= To do =
What is needed is a word-for-word transcript of the listing, free of pictures.

= Data below =
== Segment start ==

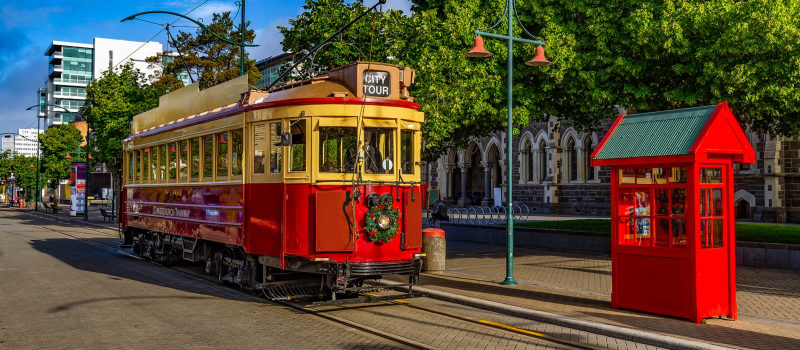 New Zealand, South Island. Christchurch, Canterbury Region. Restored heritage tram at Worcester Boulevard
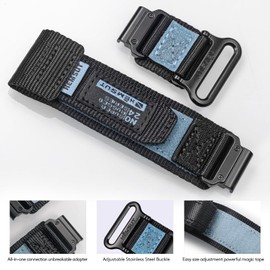 Nylon Watch Strap Compatible with Garmin, Sports Strap for Fenix/Forerunner/Approach/MARQ/Quatix/D2 Series, Robust Replacement Strap for Men, Nylon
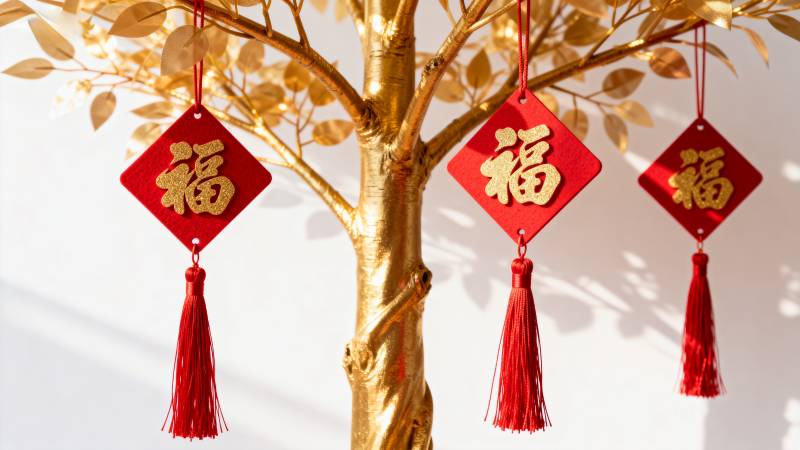 金树挂福迎新春图片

== Segment end ==

= Response to this task =
 New Zealand, South Island. Christchurch, Canterbury Region. Restored heritage tram at Worcester Boulevard
 Nylon Watch Strap Compatible with Garmin, Sports Strap for Fenix/Forerunner/Approach/MARQ/Quatix/D2 Series, Robust Replacement Strap for Men, Nylon
 金树挂福迎新春图片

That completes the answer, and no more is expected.